» Work request
Print exactly, and only, the lines from the one that has "Slide 12 of" through the end of the material below, with both ends included and the pictures omitted.

» Source material
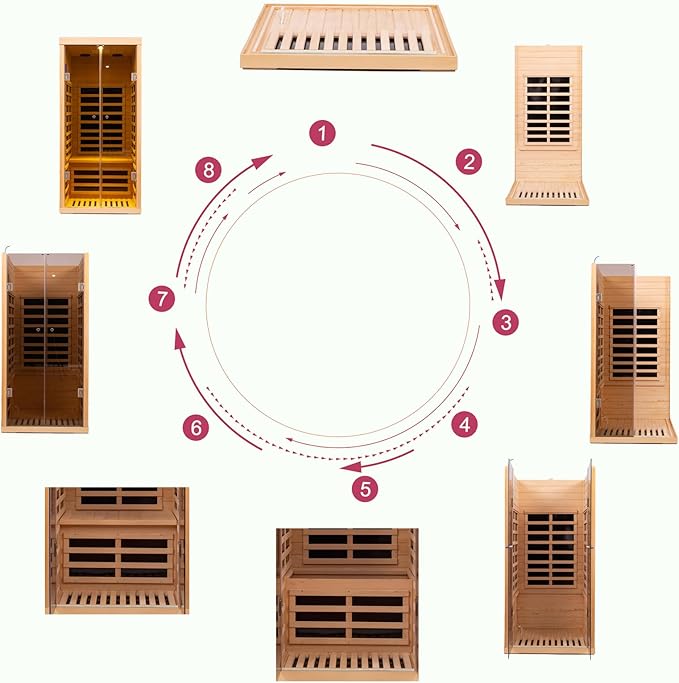 1 Person Infrared Sauna for Home Deluxe Transparent Large Glass Hemlock Wood Low EMF FAR Infrared Sauna, 1420 watts 7 Heating Panels Indoor Personal Saunas with Blue-Tooth, LCD Display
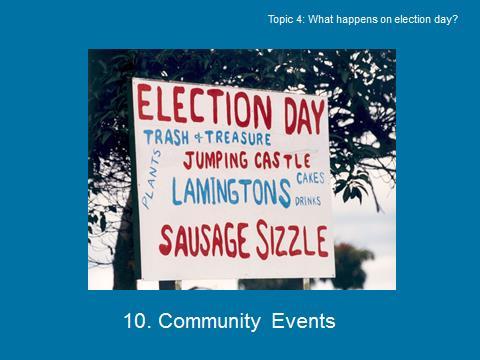 Slide 12 of 15 What happens on election day? There might be community events happening at your local polling place.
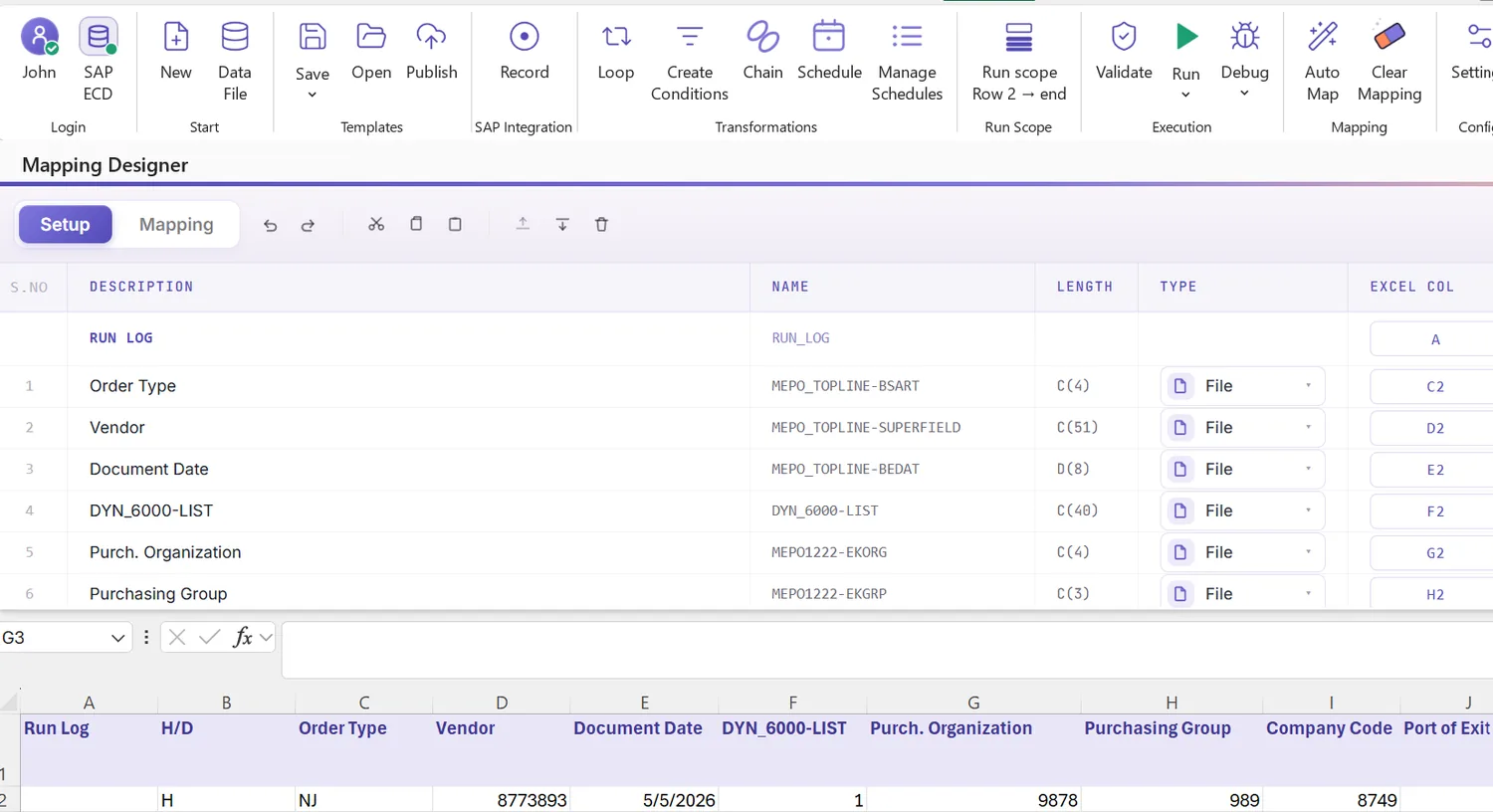 SAP purchase order automation: Auto Map with header/detail grouping: item rows nested under each PO header (view 3 of 3)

» Written answer
 Slide 12 of 15 What happens on election day? There might be community events happening at your local polling place.
 SAP purchase order automation: Auto Map with header/detail grouping: item rows nested under each PO header (view 3 of 3)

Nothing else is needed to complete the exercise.